DESCRIPTION OF THE TASK:
The pictures in the listing below are to be skipped, while the lines between the line holding "set of different" and the line holding "a bedroom with", inclusive, are to be output exactly.

EXTRACTED INFORMATION:

=====

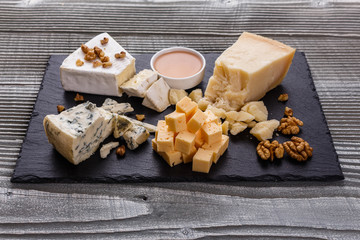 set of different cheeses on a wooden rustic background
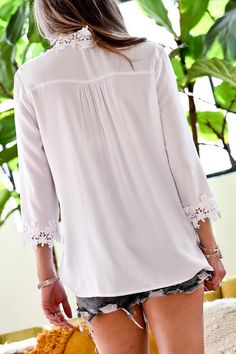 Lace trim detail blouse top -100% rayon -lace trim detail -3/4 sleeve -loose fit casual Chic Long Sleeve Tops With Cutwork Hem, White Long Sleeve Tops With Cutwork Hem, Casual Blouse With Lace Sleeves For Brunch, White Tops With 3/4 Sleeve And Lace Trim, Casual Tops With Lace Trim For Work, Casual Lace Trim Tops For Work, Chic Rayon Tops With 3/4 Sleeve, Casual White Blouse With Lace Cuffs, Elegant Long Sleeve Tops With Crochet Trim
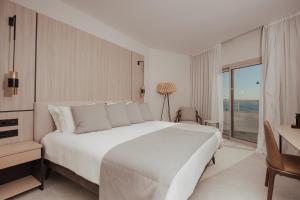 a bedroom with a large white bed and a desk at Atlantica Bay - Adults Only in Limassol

=====

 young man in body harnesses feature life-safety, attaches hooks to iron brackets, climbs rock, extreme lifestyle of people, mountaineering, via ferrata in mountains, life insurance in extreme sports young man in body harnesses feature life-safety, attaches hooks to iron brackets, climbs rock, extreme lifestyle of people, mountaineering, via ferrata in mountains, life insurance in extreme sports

=====

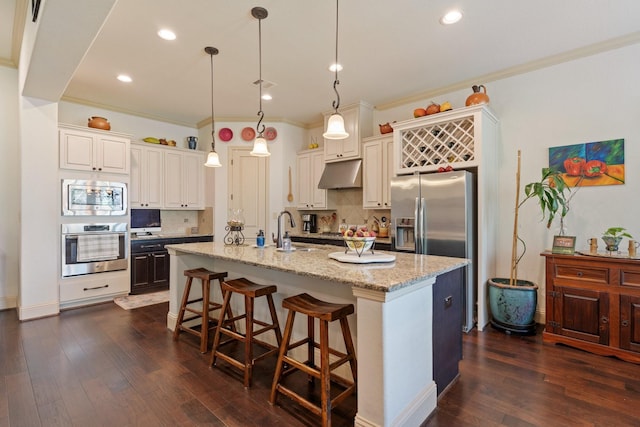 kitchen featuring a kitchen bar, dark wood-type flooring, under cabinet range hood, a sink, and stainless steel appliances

=====

RESULT:
 set of different cheeses on a wooden rustic background
 Lace trim detail blouse top -100% rayon -lace trim detail -3/4 sleeve -loose fit casual Chic Long Sleeve Tops With Cutwork Hem, White Long Sleeve Tops With Cutwork Hem, Casual Blouse With Lace Sleeves For Brunch, White Tops With 3/4 Sleeve And Lace Trim, Casual Tops With Lace Trim For Work, Casual Lace Trim Tops For Work, Chic Rayon Tops With 3/4 Sleeve, Casual White Blouse With Lace Cuffs, Elegant Long Sleeve Tops With Crochet Trim
 a bedroom with a large white bed and a desk at Atlantica Bay - Adults Only in Limassol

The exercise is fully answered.